Political pretending, pandering

Yes, we're all in a panic.

We're afraid of mass shootings, or just being shot by a stray bullet, period. That's pretty understandable.

Part of this is watching too much TV news. Now that I've moved into a condo and joined the fitness center next door, I often watch TV while I'm on the cardio equipment. Even watching Fox, CNN or the network news will scare you out of proportion.  And so much of it is just to fill air time with idiots speculating.  Probably more informative to watch Wheel of Fortune.

But I digress.  We are afraid.  So we have knee-jerk reactions


  • Ban all Muslim entry to the U.S.; maybe put the ones who are here into internment camps like we did the Japanese during World War II.
  • Build a fence; deport 11 million Mexicans
just to take two easy examples.

A moment's thought should be enough to disabuse one of the notion that these ideas are either desirable or workable.  So, I won't give another digression on that point.

Politicians who pretend they will do these things are pretending.  If elected, they might take a few steps along this way, but basically won't do it. They are just pandering to a base of people who they hope will elect them. 

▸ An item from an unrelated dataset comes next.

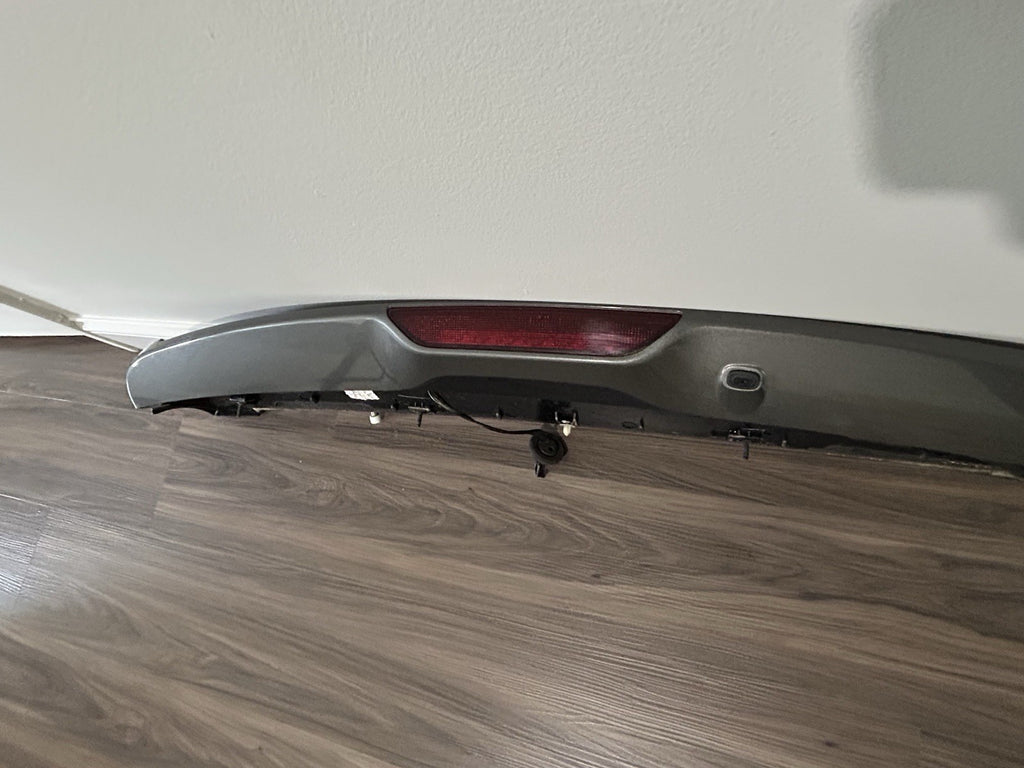 2011-2016 Jeep Compass Rear Upper Liftgate Spoiler Wing OEM Colour PDM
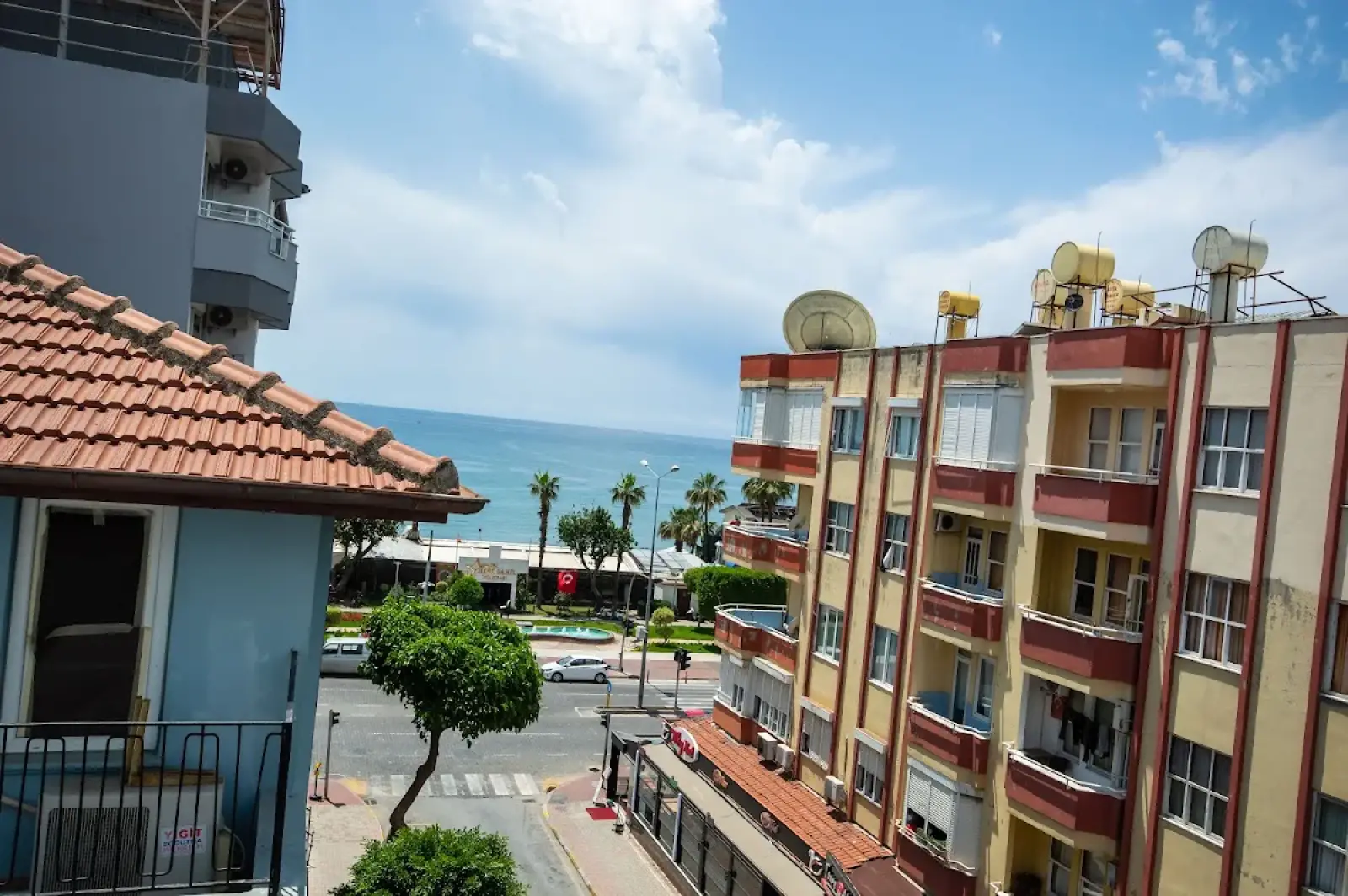 Gazipaşa Alanya Airport (GZP) to MOONBOW BEACH HOTEL Private Transfer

Political pretending and pandering is as old as democracy, maybe older.  But in this particular case, it's causing a lot of harm to those outside the base, 

For example, it encourages the sort of microagressions that Muslim women face, e.g. http://everydayfeminism.com/2015/12/what-being-hijabi-really-like/ 

Hijabi women are consistently subjected to stares and pervasive microaggressions (subtle forms of discrimination, from strangers, friends, and co-workers).
In the past, I’ve been asked loaded and offensive questions: Strangers want to know if my father or husband forces me to wear the hijab or if I will be beaten for uncovering.
Even though I’ve lived in Texas my whole life, I’m often told I’m “exotic” and asked where I am “really” from. I frequently use the word “y’all” and don’t have an accent, but I still have to defend my right to be just as American as everyone else.
These questions can be harmless, a curiosity about the scarf I wear around my head, but they’re also constant reminders that I do not belong. I’m forever marked as an outsider.
It's in that sense that these actions are insidious.  To oversimplify our domestic mass killers, they tend to be young men who feel alienated.  (Another degression: young men feeling alienated covers perhaps a large majority of young men at some point in their time as young men.)  So, are we increasing this dangerous alienation among immigrants (and those whose grandparents were immigrants)?

How's that going to help? Answer: it isn't.

And it's always somebody else

 One of the major rules of tax politics is summarized in this doggerel:

Don't tax you,
Don't tax me,
Tax that fellow behind the tree.
So, by contending that what we need to do is act against Muslims or Mexicans, we're taking measures to counter American problems that will have minimal impact on us white folks.

This avoids realistic actions on gun control (which might make a dent in domestic terrorism and gang violence).

It avoids realistic discussions on privacy versus protection -- how much FBI, NSA (etc.) spying do we need to allow to protect ourselves? How much is just intrusion with few benefits and many costs?

It avoids trying to figure out what the heck our foreign policy should be in the future in the Middle East (and elsewhere).  Sure, we have messed up terribly for 15 years.  WHAT NOW? DO WE EVEN HAVE A CLUE?

Jingoistic slogans are not a coherent, executable policy.